* **ABOUT THIS TASK**: Print each of the records below, leaving every word as it is.
** ENTRIES PROVIDED follows **
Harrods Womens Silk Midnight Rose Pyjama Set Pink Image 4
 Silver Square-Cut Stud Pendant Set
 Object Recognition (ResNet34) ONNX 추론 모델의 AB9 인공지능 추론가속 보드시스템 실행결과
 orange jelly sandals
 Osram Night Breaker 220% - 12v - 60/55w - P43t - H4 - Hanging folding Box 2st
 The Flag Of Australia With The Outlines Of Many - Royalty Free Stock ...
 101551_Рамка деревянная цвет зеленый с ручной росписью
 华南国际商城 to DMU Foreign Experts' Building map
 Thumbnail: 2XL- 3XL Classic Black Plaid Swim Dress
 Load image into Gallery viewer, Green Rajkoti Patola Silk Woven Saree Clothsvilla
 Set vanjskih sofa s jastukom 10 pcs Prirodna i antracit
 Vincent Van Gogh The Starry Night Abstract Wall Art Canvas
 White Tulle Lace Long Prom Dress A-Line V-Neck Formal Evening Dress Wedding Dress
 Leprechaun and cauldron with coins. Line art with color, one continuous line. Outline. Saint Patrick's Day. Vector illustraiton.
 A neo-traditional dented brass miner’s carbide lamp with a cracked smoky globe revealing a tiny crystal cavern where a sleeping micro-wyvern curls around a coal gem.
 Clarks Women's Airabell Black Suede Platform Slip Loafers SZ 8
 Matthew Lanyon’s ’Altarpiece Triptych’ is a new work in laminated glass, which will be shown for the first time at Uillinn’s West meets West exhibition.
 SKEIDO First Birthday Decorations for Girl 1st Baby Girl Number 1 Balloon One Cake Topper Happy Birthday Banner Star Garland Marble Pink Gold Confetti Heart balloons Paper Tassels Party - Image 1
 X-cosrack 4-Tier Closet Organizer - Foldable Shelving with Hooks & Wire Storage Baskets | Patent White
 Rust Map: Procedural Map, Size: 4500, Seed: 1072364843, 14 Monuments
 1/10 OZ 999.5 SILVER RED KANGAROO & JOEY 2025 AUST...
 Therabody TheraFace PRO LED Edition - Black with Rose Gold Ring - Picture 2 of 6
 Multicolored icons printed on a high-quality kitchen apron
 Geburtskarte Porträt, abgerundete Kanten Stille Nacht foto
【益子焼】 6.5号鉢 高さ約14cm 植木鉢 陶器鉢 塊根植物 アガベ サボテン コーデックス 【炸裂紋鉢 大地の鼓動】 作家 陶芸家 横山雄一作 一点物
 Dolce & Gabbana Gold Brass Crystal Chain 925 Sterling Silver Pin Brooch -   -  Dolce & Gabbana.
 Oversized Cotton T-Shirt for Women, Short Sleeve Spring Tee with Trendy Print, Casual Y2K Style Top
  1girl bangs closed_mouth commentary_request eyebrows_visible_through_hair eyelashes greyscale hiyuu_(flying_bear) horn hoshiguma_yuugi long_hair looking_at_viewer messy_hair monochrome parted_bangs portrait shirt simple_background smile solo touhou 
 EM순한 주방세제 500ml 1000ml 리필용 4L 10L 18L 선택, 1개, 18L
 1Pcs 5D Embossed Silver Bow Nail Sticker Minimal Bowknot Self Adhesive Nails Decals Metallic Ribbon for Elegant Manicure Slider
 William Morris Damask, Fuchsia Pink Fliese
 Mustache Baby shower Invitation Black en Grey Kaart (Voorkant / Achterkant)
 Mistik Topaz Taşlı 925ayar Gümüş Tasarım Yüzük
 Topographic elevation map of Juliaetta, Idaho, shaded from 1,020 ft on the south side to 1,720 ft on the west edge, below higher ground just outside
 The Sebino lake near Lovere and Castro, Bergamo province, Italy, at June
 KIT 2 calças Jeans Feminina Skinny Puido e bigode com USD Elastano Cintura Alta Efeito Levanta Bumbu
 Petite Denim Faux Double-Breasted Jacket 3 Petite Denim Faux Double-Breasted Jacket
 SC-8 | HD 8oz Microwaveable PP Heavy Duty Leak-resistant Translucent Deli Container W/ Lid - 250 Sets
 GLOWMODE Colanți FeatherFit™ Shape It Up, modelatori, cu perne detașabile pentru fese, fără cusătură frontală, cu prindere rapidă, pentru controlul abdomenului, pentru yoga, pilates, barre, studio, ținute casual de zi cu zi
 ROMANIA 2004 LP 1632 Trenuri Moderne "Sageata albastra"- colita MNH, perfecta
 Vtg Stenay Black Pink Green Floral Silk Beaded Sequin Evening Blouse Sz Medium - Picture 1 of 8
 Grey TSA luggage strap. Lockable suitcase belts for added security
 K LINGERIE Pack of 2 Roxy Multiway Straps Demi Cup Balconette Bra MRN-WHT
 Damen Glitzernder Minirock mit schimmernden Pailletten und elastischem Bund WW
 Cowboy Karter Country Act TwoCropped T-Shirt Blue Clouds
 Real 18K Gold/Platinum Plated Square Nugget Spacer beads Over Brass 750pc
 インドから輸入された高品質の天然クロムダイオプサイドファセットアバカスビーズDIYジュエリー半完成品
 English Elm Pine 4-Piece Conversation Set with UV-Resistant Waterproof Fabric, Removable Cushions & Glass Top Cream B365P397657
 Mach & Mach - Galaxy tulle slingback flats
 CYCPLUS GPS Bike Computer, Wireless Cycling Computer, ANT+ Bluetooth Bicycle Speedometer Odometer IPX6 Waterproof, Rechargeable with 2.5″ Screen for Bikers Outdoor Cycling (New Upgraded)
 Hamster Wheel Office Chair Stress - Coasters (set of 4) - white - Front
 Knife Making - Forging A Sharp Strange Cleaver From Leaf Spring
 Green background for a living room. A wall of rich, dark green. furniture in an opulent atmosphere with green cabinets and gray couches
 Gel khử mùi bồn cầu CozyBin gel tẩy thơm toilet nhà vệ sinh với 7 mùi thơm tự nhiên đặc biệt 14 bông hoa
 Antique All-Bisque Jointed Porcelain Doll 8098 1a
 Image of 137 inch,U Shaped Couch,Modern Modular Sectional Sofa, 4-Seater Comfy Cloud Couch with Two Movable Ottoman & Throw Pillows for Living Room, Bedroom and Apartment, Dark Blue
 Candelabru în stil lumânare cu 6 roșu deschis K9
** End of ENTRIES PROVIDED **
* **OUTPUT FOR THIS EXERCISE**:
Harrods Womens Silk Midnight Rose Pyjama Set Pink Image 4
 Silver Square-Cut Stud Pendant Set
 Object Recognition (ResNet34) ONNX 추론 모델의 AB9 인공지능 추론가속 보드시스템 실행결과
 orange jelly sandals
 Osram Night Breaker 220% - 12v - 60/55w - P43t - H4 - Hanging folding Box 2st
 The Flag Of Australia With The Outlines Of Many - Royalty Free Stock ...
 101551_Рамка деревянная цвет зеленый с ручной росписью
 华南国际商城 to DMU Foreign Experts' Building map
 Thumbnail: 2XL- 3XL Classic Black Plaid Swim Dress
 Load image into Gallery viewer, Green Rajkoti Patola Silk Woven Saree Clothsvilla
 Set vanjskih sofa s jastukom 10 pcs Prirodna i antracit
 Vincent Van Gogh The Starry Night Abstract Wall Art Canvas
 White Tulle Lace Long Prom Dress A-Line V-Neck Formal Evening Dress Wedding Dress
 Leprechaun and cauldron with coins. Line art with color, one continuous line. Outline. Saint Patrick's Day. Vector illustraiton.
 A neo-traditional dented brass miner’s carbide lamp with a cracked smoky globe revealing a tiny crystal cavern where a sleeping micro-wyvern curls around a coal gem.
 Clarks Women's Airabell Black Suede Platform Slip Loafers SZ 8
 Matthew Lanyon’s ’Altarpiece Triptych’ is a new work in laminated glass, which will be shown for the first time at Uillinn’s West meets West exhibition.
 SKEIDO First Birthday Decorations for Girl 1st Baby Girl Number 1 Balloon One Cake Topper Happy Birthday Banner Star Garland Marble Pink Gold Confetti Heart balloons Paper Tassels Party - Image 1
 X-cosrack 4-Tier Closet Organizer - Foldable Shelving with Hooks & Wire Storage Baskets | Patent White
 Rust Map: Procedural Map, Size: 4500, Seed: 1072364843, 14 Monuments
 1/10 OZ 999.5 SILVER RED KANGAROO & JOEY 2025 AUST...
 Therabody TheraFace PRO LED Edition - Black with Rose Gold Ring - Picture 2 of 6
 Multicolored icons printed on a high-quality kitchen apron
 Geburtskarte Porträt, abgerundete Kanten Stille Nacht foto
【益子焼】 6.5号鉢 高さ約14cm 植木鉢 陶器鉢 塊根植物 アガベ サボテン コーデックス 【炸裂紋鉢 大地の鼓動】 作家 陶芸家 横山雄一作 一点物
 Dolce & Gabbana Gold Brass Crystal Chain 925 Sterling Silver Pin Brooch -   -  Dolce & Gabbana.
 Oversized Cotton T-Shirt for Women, Short Sleeve Spring Tee with Trendy Print, Casual Y2K Style Top
  1girl bangs closed_mouth commentary_request eyebrows_visible_through_hair eyelashes greyscale hiyuu_(flying_bear) horn hoshiguma_yuugi long_hair looking_at_viewer messy_hair monochrome parted_bangs portrait shirt simple_background smile solo touhou 
 EM순한 주방세제 500ml 1000ml 리필용 4L 10L 18L 선택, 1개, 18L
 1Pcs 5D Embossed Silver Bow Nail Sticker Minimal Bowknot Self Adhesive Nails Decals Metallic Ribbon for Elegant Manicure Slider
 William Morris Damask, Fuchsia Pink Fliese
 Mustache Baby shower Invitation Black en Grey Kaart (Voorkant / Achterkant)
 Mistik Topaz Taşlı 925ayar Gümüş Tasarım Yüzük
 Topographic elevation map of Juliaetta, Idaho, shaded from 1,020 ft on the south side to 1,720 ft on the west edge, below higher ground just outside
 The Sebino lake near Lovere and Castro, Bergamo province, Italy, at June
 KIT 2 calças Jeans Feminina Skinny Puido e bigode com USD Elastano Cintura Alta Efeito Levanta Bumbu
 Petite Denim Faux Double-Breasted Jacket 3 Petite Denim Faux Double-Breasted Jacket
 SC-8 | HD 8oz Microwaveable PP Heavy Duty Leak-resistant Translucent Deli Container W/ Lid - 250 Sets
 GLOWMODE Colanți FeatherFit™ Shape It Up, modelatori, cu perne detașabile pentru fese, fără cusătură frontală, cu prindere rapidă, pentru controlul abdomenului, pentru yoga, pilates, barre, studio, ținute casual de zi cu zi
 ROMANIA 2004 LP 1632 Trenuri Moderne "Sageata albastra"- colita MNH, perfecta
 Vtg Stenay Black Pink Green Floral Silk Beaded Sequin Evening Blouse Sz Medium - Picture 1 of 8
 Grey TSA luggage strap. Lockable suitcase belts for added security
 K LINGERIE Pack of 2 Roxy Multiway Straps Demi Cup Balconette Bra MRN-WHT
 Damen Glitzernder Minirock mit schimmernden Pailletten und elastischem Bund WW
 Cowboy Karter Country Act TwoCropped T-Shirt Blue Clouds
 Real 18K Gold/Platinum Plated Square Nugget Spacer beads Over Brass 750pc
 インドから輸入された高品質の天然クロムダイオプサイドファセットアバカスビーズDIYジュエリー半完成品
 English Elm Pine 4-Piece Conversation Set with UV-Resistant Waterproof Fabric, Removable Cushions & Glass Top Cream B365P397657
 Mach & Mach - Galaxy tulle slingback flats
 CYCPLUS GPS Bike Computer, Wireless Cycling Computer, ANT+ Bluetooth Bicycle Speedometer Odometer IPX6 Waterproof, Rechargeable with 2.5″ Screen for Bikers Outdoor Cycling (New Upgraded)
 Hamster Wheel Office Chair Stress - Coasters (set of 4) - white - Front
 Knife Making - Forging A Sharp Strange Cleaver From Leaf Spring
 Green background for a living room. A wall of rich, dark green. furniture in an opulent atmosphere with green cabinets and gray couches
 Gel khử mùi bồn cầu CozyBin gel tẩy thơm toilet nhà vệ sinh với 7 mùi thơm tự nhiên đặc biệt 14 bông hoa
 Antique All-Bisque Jointed Porcelain Doll 8098 1a
 Image of 137 inch,U Shaped Couch,Modern Modular Sectional Sofa, 4-Seater Comfy Cloud Couch with Two Movable Ottoman & Throw Pillows for Living Room, Bedroom and Apartment, Dark Blue
 Candelabru în stil lumânare cu 6 roșu deschis K9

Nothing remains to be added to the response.